Saturday, February 14, 2026
More Good Venture Capital News
I recently reported that my investment in the Aura VF2 fund was now in profit. Now, our Angellist investments through Unpopular Ventures have swung into profitability too:
There is a 3 month lag in reporting values. We invest in their Rolling Fund as well as individual firms. One of those firms is now reporting that it is worth 9.5x the value I invested at. On the other hand, two companies I invested in have effectively gone to zero. While I am excited to not be losing money any more, our overall IRR on our Angellist investments is only 2.76% so far.
But this is an AUD 60k bump in value that makes a substantive change to our numbers for 2025. It pushes up our 2025 rate of return to 9.68% in AUD terms or 18.14% in USD terms. That puts us just ahead of the S&P 500 for the year:
The "retirement number" rises to AUD 7.011 million. Total net worth at the end of the year Was AUD 8.252 million, which is comfortably ahead of the base case net worth projection of AUD 8.2 million. Also, the private equity return for the year roses to 9.3% from 4.7%! The annual contribution to total return from private equity was 1.8% instead of 0.9%. Unpopular Ventures returned AUD 40,118 for the year, making it our 8th best investment.





An interesting post from Financial Samurai or how closed-end funds trade. A closed-end fund is one that trades on a stock exchange but has a fixed number of shares on a day to day basis.* They may occasionally do additional share issues, or reinvest dividends, or even buy back shares, but they don't buy and sell shares continuously to keep the market price at the net asset value or NAV. ETFs, by contrast, do continually create or redeem new shares to keep the market price close to NAV. I posted a comment about where the equilibrium price of a closed-end fund should be that I thought was worth its own post here.
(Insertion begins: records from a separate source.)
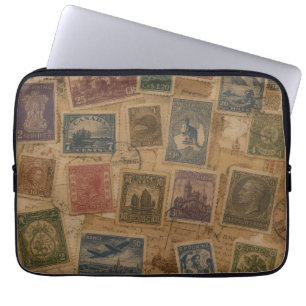 Vintage-Postwertzeichen philatelische Ephemera Laptopschutzhülle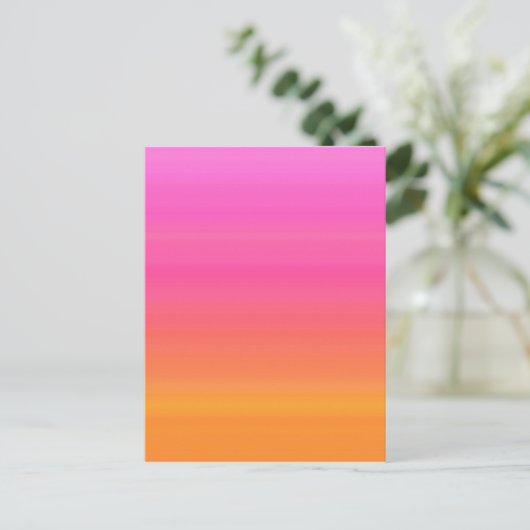 Raspberry Sunset Gradient - Roze Geel Sinaasappel Briefkaart (Staand voorkant)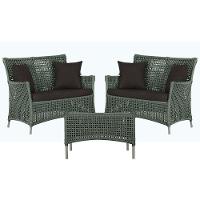 2 Sofás E Mesa Igapó Alumínio Fendi Corda Náutica E9 Trama Verde - 1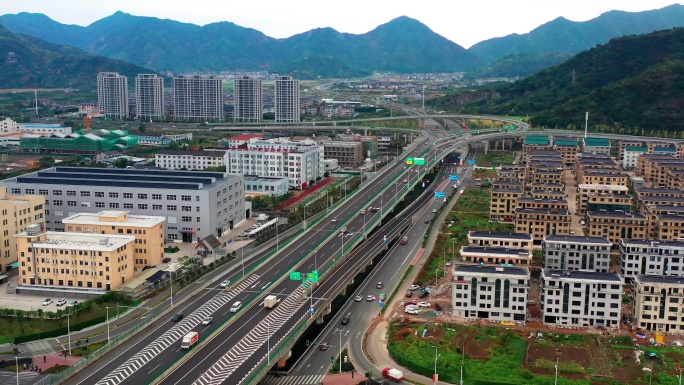 台州市黄岩区江口街道，经济开发区航拍素材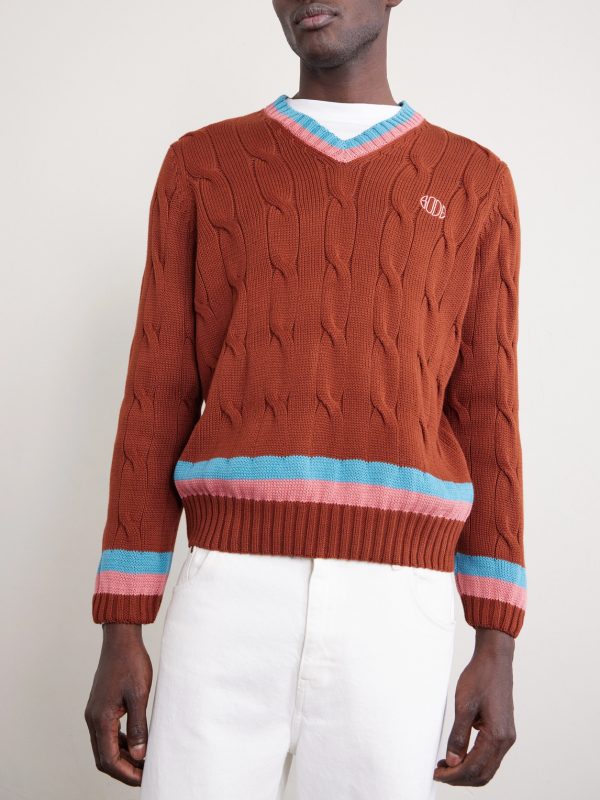 Logo-Embroidered Cable-Knit Cotton Sweater - FR Logo-Embroidered Cable-Knit Cotton Sweater - FR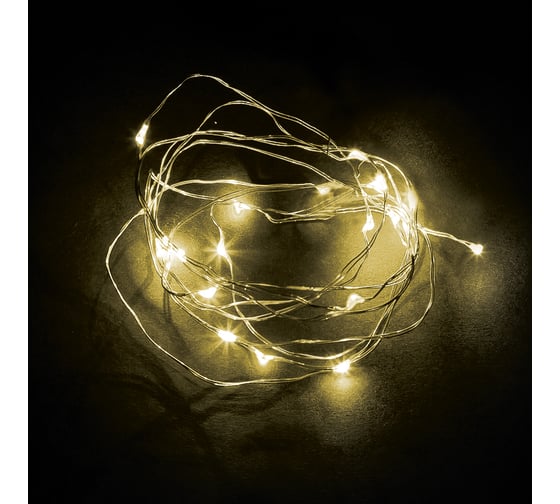 Изображение товара Гирлянда FERON 20 LED 2700К, батарейки 2 АА, IP 20, шнур 0,5м ,CL570 32364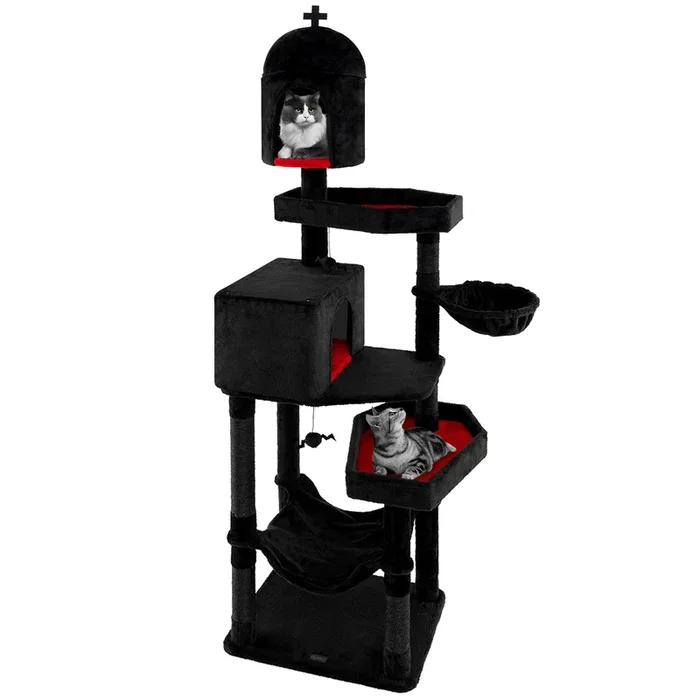Unique Gothic Cat Furniture with Coffin Cat Bed and Enclosed Condos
In theory, if the fund manager grows the NAV of the fund with distributions reinvested faster than the average stock market rate of return (for assets with similar beta), then a closed end fund should trade higher than NAV and vice versa.
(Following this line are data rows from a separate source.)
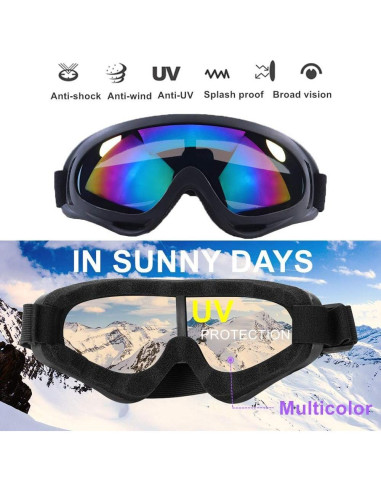 Paquete de 5 Gafas de Motocicleta LJDJ - UV400 y Acolchado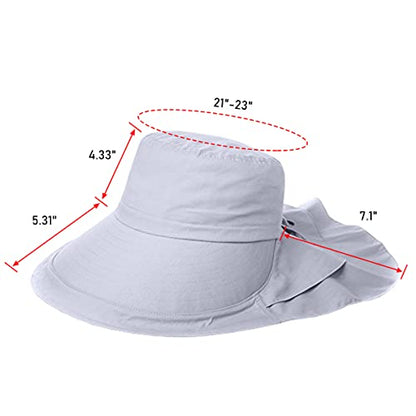 Womens Sun Hat UPF 50+ Wide Brim and Ponytail Hole, Hiking Safari Hat with Neck Flap… - color: Light Gray
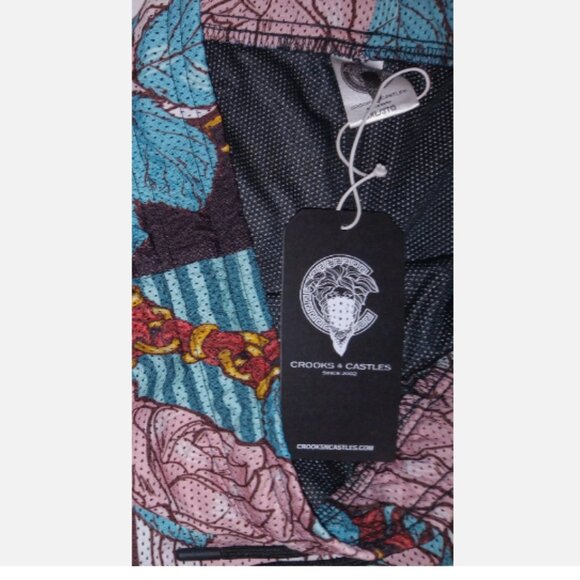 NWT Mens CROOKS & CASTLES Gym Shorts 3XL Pink Roses Turquoise Elastic Waist - Picture 7 of 14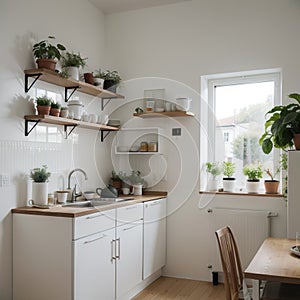 Kitchen with light walls white furniture and shelves with crockery and plants in pots small refrigerator in dining room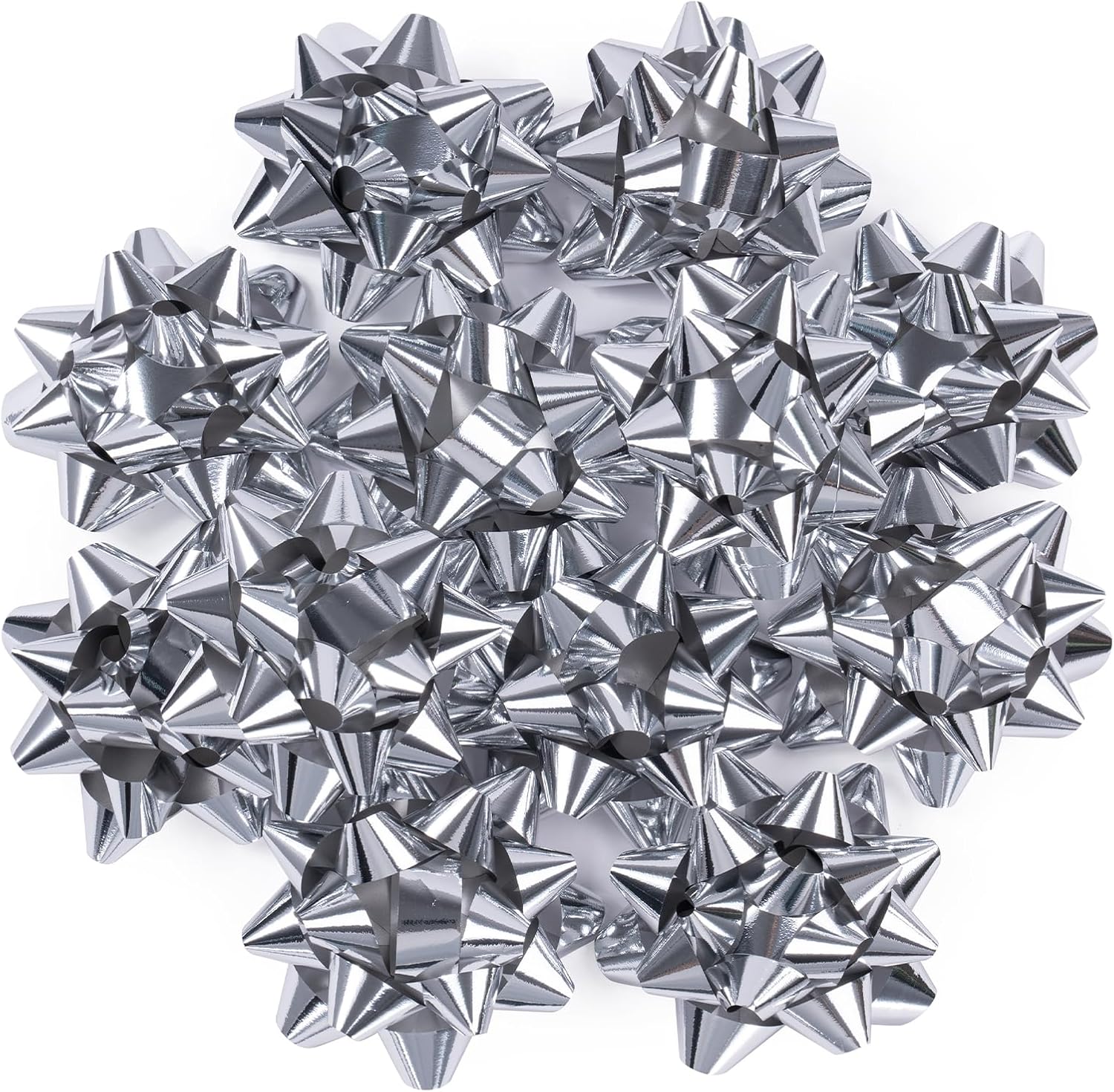 WRAPAHOLIC 4 Inch Metallic Silver Gift Bow Assortment (12 Bows) for Birthday, Wedding, Christmas, Baby Shower, Bridal Showers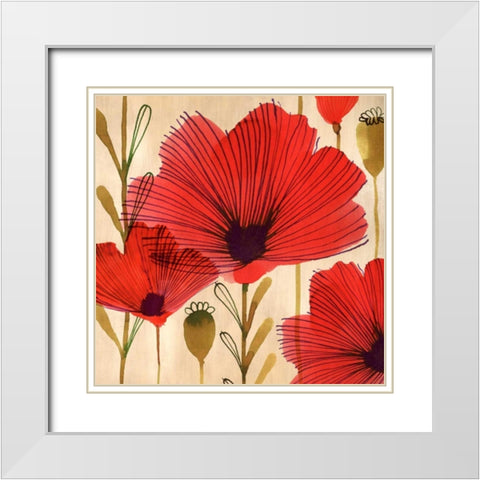 Wild Poppies II White Modern Wood Framed Art Print with Double Matting by Berg, Margaret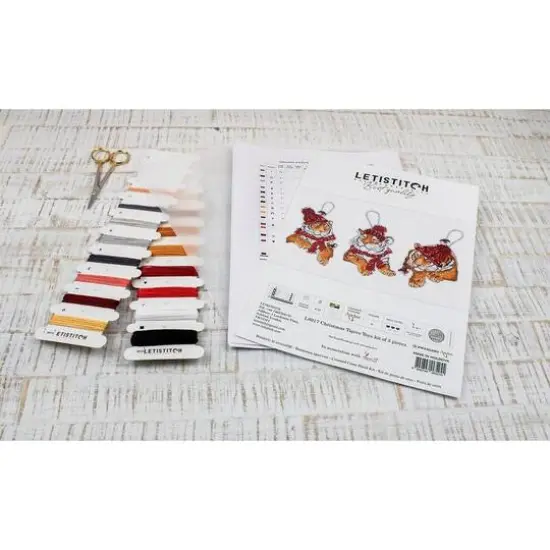 Letistitch Christmas Tigers Toys Set Plastic Canvas Counted Cross Stitch Kit {8}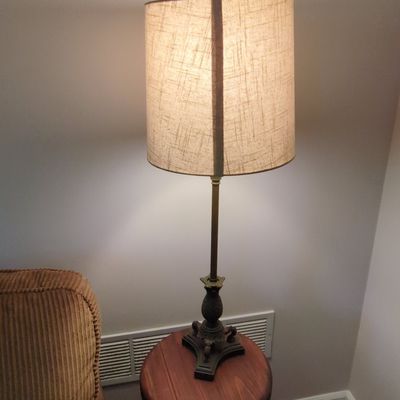 Vintage Brass Candlestick Column Table Lamp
This should be the equilibrium price, so that investors don’t get a free lunch of a higher than average return or conversely a worse than average return. If the average fund manager performs the same as the market before fees then on average after fees managers will under-perform the market and so the typical closed end fund will trade at a discount to NAV.
Of course, actual prices often deviate from this equilibrium for a long time! Pershing Square Holdings, which trades on the LSE, is a classic case. It has either outperformed or matched S&P 500 performance over the last few years while investing mainly in large cap US stocks, but trades at a massive discount to NAV. As an investor, one of my reasons for investing was this large discount. We’ve experienced good returns but not much closing of the discount. In fact the discount today is the same as it was in 2021 when we finished buying our current position. The market price is 25% below NAV! Our internal rate of return has been 20%, which is clearly better than the stock market average. The S&P 500 has returned 15% p.a. over the last ten years or 14% over the last five. So, it is crazy that the discount hasn't at least narrowed.
* Sometimes people refer to unlisted private equity funds that raise a given amount of money and then invest it as closed end funds too.